Countdown to Tukwila

Clever political maneuvering or total break with reality? You be the judge as the Seattle Olympics-in-exile bid committee takes its game to the next level in trying to force the 2012 Summer Games on the uninterested masses.

Unfortunately, it’s the next level down—the bid committee has appealed to the Puget Sound Regional Council, a multicounty planning authority, to apply its rubber stamp of approval to Seattle’s Olympic bid proposal. Bid committee president Kathy Scanlan told the Seattle Post-Intelligencer that the PSRC is a “more appropriate legislative body” than the Seattle City Council to endorse the effort. Of course, the PSRC isn’t a legislative body, and the City Council only became inappropriate after it said, “No”— but beyond that, this sounds like solid reasoning.

The PSRC, on the other hand, is waiting for direction from the US Olympic Committee, which is still trying to figure out what the hell the PSRC is. Come to think of it, so are we.

More on this process as it collapses.

Lobbyist on the payroll

An employee of the city’s Department of Neighborhoods seems to have taken this paper’s recent story on the rise of e-mail in the public process to heart. Dave Bockmann distributed an e-mail message to neighborhood leaders claiming the City Council was considering last-minute cuts in the DON budget, and citing several popular programs that he claimed might be trimmed. He urged recipients to contact several council members (even including e-mail addresses for each) and to distribute the message to others. Unfortunately for this enterprising in-house lobbyist, at least one respondent took this advice too literally and included a copy of his original message with the letter of protest to council members. At least it helped the budget cutters identify one city employee who doesn’t have enough to do.

Another Sidran suit

While a city task force puzzles over how to best regulate live music and other entertainment in taverns and clubs, attorney David Osgood is looking to make the issue a moot point. In a lawsuit filed November 16 in US District Court, Osgood argues that the state law prohibiting live entertainment in bars without a city license violates constitutional protections of freedom of expression and is unconstitutionally vague.

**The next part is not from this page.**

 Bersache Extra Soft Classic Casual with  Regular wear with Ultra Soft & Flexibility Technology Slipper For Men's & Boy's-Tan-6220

The plaintiff in the action is Jerseys All-American Sports Bar Inc., a Seattle club already pursuing a federal suit against the city over its lack of a specific permit process for live entertainment. Osgood plans to petition the court for a summary judgment in January.

City thinking gas tax

Mayor Paul Schell hopes the new-look state Legislature will authorize an increase in the local-option gas tax to address Seattle’s $20 million annual street maintenance shortfall. Current state law allows counties to impose a 2.3-cent-per-gallon tax with voter approval; Schell wants to see the authorization doubled to 4.6 cents. At the higher rate, Seattle’s share of the tax would provide it considerably more revenue than the city’s former street maintenance utility, which folded in 1995 when the State Supreme Court ruled that its fees constituted an illegal property tax.

Not a bad scenario, although the lower-rate gas tax has been authorized by the Legislature for the last eight years, yet the King County Council hasn’t seriously considered putting it on the ballot. Schell also says he’s hopeful that a modified gas tax bill might allow the tax to be imposed by the local legislative authority. That’s really wishful thinking, given state legislators’ recent trend of putting most every controversial issue on the ballot. The local-option gas tax has lost both times it’s been placed before voters, including earlier this month in Snohomish County.

Still, a user-fee mechanism like the gas tax would seem to have appeal for the environmentally oriented voters who turned out in droves last year to elect Schell and a trio of conservation-minded City Council members.

Take our growth, please

King County officials seeking somewhere to transfer their potential rural growth may have found a willing taker in the Denny Triangle neighborhood, a relatively underdeveloped portion of downtown between Denny Way, Sixth Avenue, Pike Street, and Interstate 5.

Citizen planners in the area are the first to show interest in a program proposed by King County Executive Ron Sims, who wants to allow the transfer of development rights from rural parcels to selected urban neighborhoods. As finding a neighborhood that actually wants development is the hard part of the process, Sims was genuinely delighted to appear at Mayor Schell’s regular Tuesday-morning press conference to announce the partnership. Sims says he wants to see new housing, but he wants it sited “where it makes sense, where the infrastructure is in place, where we have the amenities to do it.”

The TDR program would work through the purchase by developers of development rights to designated rural properties and applying these “credits” to a site in the Denny Triangle. With the credits, up to 60 feet of additional height could be added to a new structure (maximum allowed building heights under the neighborhood’s current zoning range from 125 feet to 240 feet).

NBA money missed

The Seattle City Council has already made budget adjustments to account for lost revenue from Sonics games canceled due to the National Basketball Association lockout. Council president Sue Donaldson says she’s asked the law department to investigate whether the city can require team ownership to ante up some or all of the lease-mandated payments anyway. “A lockout isn’t really an act of God,” she says, “regardless of how the NBA owners feel about themselves.”